You also can certify your own devices by joining the Azure Certified for IoT program.

IoT OS Support

You might expect Microsoft to promote their own OS over all others, but in fact, this is not the case. Recognizing that IoT devices often run on Linux or other OSes, Microsoft has wisely accepted a wide range of popular OSes, such as:

• Windows 10
• Debian Linux
• Arduino
• Windows Server
• Ubuntu Linux
• Mbed
• Windows 8
• Yocto Linux
• Other-RTOS
• Windows IoT Core
• Fedora Linux
• Android
• TI-RTOS
• Raspbian Linux

Key Sensor Support

The Azure catalog showcases more than 500 devices from more than 200 partner manufacturers’ certified Tested Compatible Sensors and Tested Built-in Sensors, including:

• GPS
• Touch
• LED
• Light
• Gas
• Noise
• Proximity
• Air Temperature
• Liquid Temperature
• Weight
• Soil Alkalinity
• Vibrations
• Image Capture
• Motion Detection
• Chemical/Compound Presence

Any sensor will work with the Azure IoT Suite as long as it can communicate over AMQP, AMQP over WebSockets, MQTT, or HTTP/REST for the device-to-Cloud communication protocols.

Azure also includes:

• Support for SSL (using third-party dependencies such as openSSL or WolfSSL)
• Simple APIs to:
• Establish a secure connection to IoT Hub
• Send messages to IoT Hub
• Receive messages from IoT Hub

There also are development boards and starter kits IDEs for a variety of programming languages Libraries to support I/O and sensor interactions.

IoT Data Considerations

The Azure IoT Hub is a service for controlling and ingesting data from IoT devices.

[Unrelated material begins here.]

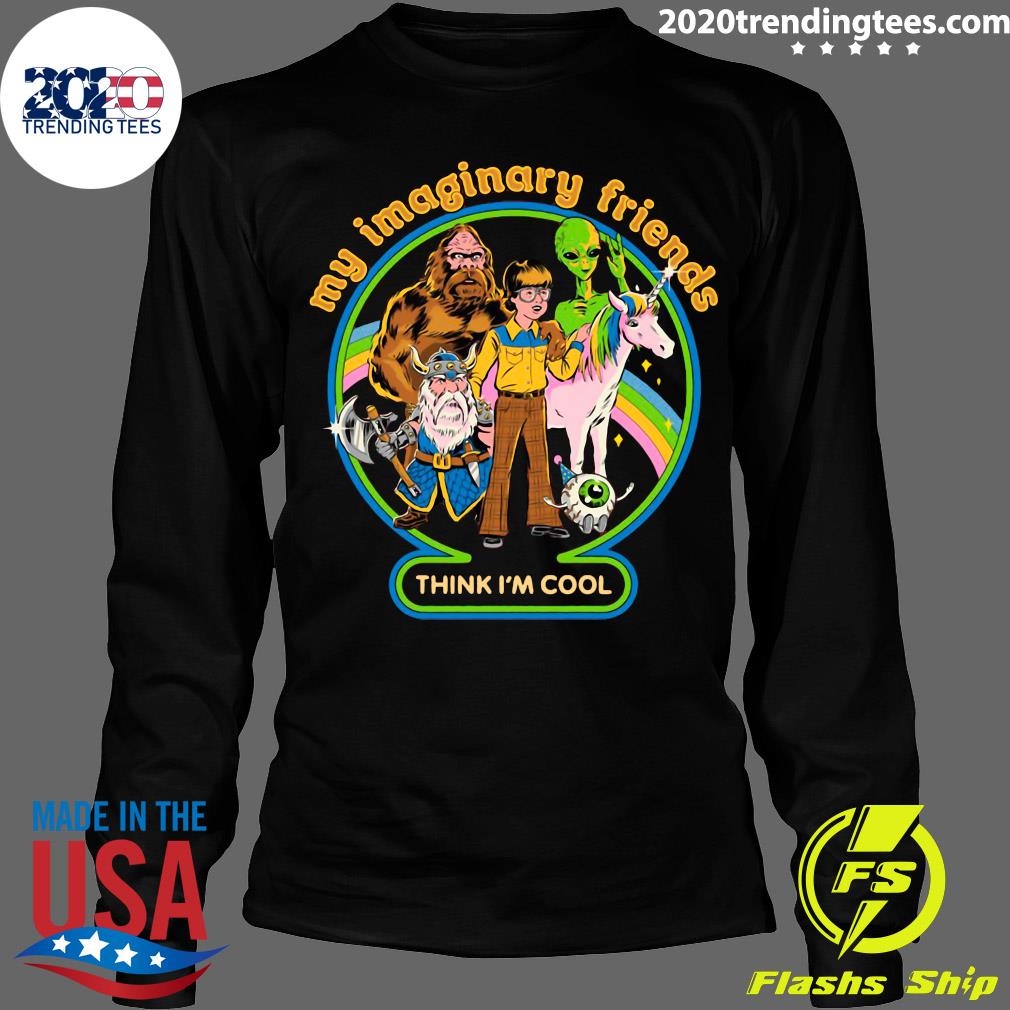 My Imaginary Friends Think I'm Cool - Adult & Kids T-Shirts, Sweatshirts & Hoodies apparel design preview 4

Azure’s IoT Hub integration enables you to unleash the power of real-time analytics to glean insight over millions of events from all your connected devices. Hence, Stream Analytics clients can perform real-time analytics over data brought in through Azure Event Hubs, IoT Hubs, and Azure Blobs.

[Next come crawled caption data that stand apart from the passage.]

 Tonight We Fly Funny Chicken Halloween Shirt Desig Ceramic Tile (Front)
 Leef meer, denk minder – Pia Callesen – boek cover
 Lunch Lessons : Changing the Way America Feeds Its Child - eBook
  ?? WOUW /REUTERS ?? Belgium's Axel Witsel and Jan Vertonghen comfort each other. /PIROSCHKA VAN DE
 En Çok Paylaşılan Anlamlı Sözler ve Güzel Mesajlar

IoT Hub is a fully managed service that enables reliable and secure bi-directional communications between millions of IoT devices and an application back end. Azure IoT Hub offers reliable device-to-Cloud and Cloud-to-device messaging, enables secure communications using per-device security credentials and access control, and includes device libraries for the most popular languages and platforms.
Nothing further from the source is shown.